From last Sunday’s WaPo: Clerical Sexual Abuse and the Courts

Until now, prosecutors have been loath to find mens rea, or criminal intent, in any bishop or church leader for aiding and abetting. No matter how serious their malfeasance, surely they did not intend that minors be harmed. But bad has now gone to worse. If a bishop himself has sexually abused minors — as has been alleged in Springfield, Mass., and a number of other places — then one can no longer presume an absence of mens rea when such a bishop harbors or protects other predators.

If sexual abuse is systemic within a diocese, and the harboring of predators follows a pattern from the top, there are laws that can apply, namely the RICO (or racketeer-influenced and corrupt organization) laws, which have been on the books for more than 30 years.

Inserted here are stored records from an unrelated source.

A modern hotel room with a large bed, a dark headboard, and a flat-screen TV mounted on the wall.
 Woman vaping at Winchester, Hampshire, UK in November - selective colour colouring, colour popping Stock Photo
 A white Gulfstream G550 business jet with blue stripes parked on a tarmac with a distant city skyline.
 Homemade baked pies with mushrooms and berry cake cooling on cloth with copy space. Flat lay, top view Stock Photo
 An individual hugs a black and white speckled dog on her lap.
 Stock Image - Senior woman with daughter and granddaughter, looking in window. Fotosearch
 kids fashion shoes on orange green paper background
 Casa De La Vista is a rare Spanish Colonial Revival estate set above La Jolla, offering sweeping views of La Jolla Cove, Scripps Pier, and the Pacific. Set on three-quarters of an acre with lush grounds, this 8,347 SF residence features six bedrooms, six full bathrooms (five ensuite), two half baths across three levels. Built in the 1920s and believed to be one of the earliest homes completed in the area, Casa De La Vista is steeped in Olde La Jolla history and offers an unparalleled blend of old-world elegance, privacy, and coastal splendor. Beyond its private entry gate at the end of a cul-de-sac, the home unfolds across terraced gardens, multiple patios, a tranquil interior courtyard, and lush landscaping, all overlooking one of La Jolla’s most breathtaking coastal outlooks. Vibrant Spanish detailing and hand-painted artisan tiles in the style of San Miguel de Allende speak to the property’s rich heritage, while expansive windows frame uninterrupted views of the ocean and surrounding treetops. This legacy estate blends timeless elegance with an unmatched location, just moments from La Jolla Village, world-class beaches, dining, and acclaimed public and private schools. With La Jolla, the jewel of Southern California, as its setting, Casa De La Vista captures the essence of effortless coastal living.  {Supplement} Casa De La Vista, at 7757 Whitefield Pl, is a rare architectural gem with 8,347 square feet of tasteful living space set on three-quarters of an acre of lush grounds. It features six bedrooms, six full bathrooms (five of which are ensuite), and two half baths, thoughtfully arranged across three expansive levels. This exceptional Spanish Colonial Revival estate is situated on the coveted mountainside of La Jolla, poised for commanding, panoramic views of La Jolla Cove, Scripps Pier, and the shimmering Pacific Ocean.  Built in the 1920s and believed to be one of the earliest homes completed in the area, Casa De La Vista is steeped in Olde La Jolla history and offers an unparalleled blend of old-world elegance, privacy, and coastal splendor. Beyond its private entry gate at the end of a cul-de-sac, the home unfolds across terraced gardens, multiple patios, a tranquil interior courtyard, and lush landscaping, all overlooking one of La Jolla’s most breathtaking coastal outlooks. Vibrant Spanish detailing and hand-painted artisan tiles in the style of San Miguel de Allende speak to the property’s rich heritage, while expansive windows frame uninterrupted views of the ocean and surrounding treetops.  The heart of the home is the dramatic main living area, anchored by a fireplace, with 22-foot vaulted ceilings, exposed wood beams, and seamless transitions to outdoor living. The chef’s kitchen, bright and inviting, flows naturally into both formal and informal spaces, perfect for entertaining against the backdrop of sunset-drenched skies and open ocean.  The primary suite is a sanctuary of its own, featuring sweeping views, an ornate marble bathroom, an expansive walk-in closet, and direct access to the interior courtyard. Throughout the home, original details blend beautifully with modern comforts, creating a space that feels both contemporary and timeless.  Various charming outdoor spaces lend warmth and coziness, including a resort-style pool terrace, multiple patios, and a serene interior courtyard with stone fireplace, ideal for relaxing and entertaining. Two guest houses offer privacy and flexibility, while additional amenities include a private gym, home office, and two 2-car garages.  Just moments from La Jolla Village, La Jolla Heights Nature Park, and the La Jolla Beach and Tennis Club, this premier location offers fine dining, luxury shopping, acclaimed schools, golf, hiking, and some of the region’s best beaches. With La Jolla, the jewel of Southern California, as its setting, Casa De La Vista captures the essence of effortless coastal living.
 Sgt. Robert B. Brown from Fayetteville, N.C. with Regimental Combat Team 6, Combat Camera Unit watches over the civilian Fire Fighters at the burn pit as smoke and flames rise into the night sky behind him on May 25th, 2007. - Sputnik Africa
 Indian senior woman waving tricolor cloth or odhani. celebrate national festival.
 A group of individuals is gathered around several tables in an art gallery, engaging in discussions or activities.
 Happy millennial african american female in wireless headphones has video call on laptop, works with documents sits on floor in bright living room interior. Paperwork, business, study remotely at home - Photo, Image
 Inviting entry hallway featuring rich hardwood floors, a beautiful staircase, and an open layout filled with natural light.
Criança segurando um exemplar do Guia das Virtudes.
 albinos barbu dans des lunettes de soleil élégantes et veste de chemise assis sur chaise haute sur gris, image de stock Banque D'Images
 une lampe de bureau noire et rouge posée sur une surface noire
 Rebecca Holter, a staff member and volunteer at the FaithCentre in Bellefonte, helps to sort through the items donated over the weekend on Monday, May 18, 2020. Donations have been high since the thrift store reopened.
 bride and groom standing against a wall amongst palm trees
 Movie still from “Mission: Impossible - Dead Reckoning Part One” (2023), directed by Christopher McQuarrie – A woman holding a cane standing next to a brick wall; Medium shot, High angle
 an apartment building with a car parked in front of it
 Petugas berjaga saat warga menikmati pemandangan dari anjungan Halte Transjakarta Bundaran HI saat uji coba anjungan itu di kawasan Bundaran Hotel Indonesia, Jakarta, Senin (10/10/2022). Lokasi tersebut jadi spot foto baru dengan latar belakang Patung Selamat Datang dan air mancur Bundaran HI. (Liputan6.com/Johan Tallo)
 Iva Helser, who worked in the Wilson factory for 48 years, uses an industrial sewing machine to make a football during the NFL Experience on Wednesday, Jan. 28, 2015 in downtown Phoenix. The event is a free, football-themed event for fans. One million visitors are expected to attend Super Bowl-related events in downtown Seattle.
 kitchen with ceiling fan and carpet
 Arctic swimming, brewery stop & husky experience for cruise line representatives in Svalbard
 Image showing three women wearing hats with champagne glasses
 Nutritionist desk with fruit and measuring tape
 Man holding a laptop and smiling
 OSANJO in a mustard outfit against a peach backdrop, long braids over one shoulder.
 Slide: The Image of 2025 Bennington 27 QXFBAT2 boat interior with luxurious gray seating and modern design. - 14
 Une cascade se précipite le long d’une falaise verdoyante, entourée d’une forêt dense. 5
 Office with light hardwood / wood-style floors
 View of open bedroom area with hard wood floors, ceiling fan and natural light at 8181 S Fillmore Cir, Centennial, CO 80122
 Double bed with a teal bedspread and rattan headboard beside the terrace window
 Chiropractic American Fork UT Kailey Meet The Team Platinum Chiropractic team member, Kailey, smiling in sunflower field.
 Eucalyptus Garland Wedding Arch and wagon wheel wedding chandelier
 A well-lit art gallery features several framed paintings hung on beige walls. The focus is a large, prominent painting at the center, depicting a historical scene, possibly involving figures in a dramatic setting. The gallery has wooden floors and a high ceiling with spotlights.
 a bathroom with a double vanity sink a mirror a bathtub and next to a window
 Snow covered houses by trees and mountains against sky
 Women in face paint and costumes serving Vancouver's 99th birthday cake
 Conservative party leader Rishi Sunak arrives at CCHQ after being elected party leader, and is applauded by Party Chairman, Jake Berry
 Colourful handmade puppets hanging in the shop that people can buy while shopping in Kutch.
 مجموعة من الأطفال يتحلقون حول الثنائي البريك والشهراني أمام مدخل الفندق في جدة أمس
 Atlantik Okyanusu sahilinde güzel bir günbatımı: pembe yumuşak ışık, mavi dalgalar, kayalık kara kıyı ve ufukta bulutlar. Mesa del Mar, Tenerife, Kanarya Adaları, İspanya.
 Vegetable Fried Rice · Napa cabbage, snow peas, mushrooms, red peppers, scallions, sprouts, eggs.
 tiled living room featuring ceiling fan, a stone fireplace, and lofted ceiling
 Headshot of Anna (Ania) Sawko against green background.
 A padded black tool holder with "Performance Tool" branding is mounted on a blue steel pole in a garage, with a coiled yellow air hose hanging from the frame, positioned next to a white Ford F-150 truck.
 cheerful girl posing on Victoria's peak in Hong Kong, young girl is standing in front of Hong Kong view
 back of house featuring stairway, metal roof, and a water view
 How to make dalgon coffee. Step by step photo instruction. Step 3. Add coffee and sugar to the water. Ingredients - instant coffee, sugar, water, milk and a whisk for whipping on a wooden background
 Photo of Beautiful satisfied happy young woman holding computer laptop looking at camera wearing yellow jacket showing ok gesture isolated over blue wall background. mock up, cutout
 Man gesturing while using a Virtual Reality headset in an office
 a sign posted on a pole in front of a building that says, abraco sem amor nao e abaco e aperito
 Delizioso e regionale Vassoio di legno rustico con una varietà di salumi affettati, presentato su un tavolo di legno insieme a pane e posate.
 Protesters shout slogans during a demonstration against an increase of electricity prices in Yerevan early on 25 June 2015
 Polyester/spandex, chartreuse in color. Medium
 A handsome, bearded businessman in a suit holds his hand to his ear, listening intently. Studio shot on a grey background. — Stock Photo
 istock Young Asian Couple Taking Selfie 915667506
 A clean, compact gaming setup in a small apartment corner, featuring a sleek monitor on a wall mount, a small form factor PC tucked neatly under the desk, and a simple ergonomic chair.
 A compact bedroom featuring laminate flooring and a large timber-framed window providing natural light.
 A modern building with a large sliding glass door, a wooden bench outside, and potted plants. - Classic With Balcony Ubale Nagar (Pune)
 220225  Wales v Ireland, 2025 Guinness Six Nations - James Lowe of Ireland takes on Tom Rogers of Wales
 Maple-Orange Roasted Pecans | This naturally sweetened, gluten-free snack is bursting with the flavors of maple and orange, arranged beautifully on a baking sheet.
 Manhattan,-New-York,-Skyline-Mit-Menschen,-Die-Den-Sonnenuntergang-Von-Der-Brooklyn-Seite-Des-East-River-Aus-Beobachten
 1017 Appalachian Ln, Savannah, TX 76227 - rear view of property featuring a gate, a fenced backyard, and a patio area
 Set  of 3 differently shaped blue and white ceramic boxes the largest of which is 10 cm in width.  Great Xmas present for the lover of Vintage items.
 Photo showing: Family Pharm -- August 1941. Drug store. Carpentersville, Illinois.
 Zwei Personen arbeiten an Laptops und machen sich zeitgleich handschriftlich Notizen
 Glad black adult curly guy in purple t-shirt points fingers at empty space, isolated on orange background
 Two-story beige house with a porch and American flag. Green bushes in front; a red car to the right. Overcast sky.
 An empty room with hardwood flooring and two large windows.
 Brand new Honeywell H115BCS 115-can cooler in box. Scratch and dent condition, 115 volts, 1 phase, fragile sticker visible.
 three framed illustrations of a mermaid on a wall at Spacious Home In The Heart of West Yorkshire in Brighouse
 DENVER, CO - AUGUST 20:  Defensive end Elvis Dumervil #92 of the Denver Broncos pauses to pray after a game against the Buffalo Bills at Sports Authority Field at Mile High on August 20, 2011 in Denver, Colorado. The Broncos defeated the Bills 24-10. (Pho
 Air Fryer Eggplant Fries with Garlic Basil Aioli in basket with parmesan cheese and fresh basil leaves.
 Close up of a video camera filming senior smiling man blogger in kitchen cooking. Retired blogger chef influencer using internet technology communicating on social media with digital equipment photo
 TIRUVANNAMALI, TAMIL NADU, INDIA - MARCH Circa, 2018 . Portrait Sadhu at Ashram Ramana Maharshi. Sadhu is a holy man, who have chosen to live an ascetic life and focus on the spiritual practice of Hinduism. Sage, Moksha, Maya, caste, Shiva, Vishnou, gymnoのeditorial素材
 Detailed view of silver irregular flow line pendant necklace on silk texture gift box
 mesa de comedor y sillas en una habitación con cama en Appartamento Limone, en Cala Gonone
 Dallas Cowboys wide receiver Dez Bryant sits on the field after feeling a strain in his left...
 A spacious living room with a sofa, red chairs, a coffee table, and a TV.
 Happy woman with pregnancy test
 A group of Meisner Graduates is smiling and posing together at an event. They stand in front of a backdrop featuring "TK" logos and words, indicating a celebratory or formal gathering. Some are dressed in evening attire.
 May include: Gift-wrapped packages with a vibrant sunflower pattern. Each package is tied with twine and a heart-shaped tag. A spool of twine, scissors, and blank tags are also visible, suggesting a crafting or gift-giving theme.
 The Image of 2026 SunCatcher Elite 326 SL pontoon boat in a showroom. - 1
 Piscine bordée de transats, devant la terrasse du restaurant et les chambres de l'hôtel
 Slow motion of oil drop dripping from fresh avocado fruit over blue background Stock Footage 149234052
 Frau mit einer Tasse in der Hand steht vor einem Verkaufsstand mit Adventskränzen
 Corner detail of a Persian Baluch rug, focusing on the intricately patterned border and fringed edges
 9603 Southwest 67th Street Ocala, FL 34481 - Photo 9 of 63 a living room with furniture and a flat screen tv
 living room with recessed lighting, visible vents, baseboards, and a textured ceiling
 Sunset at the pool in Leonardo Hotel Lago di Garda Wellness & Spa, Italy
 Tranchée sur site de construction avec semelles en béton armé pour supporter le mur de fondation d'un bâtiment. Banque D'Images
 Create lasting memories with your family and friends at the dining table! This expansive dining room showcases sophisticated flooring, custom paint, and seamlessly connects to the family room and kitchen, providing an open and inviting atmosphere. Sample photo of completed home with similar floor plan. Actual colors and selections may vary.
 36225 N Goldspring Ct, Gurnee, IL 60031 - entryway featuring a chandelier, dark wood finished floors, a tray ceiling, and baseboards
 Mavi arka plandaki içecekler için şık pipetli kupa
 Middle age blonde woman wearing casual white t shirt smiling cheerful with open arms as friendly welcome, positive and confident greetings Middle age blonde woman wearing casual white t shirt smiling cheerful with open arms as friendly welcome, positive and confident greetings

Until now, it was hard to conceive of applying them to a church. But consider Springfield again. If a group of clergy actually operated on the understanding that sex with boys was okay — as one of their colleagues recently stated — and if they acted in concert, protecting each other and destroying records as has been alleged by another of their colleagues, and if members of such a network committed two or more offenses such as sexual exploitation, fraud or obstruction of justice — then criminal RICO laws would indeed apply to that network of clerics and persons collaborating with them.

One might cringe at that prospect. But let us be clear about what is anti-Catholic and what is not. Abusers preying on children of the church are anti-Catholic. Prosecutors and judges who have given a break to the church through the years have done us greater harm than we or they ever imagined possible.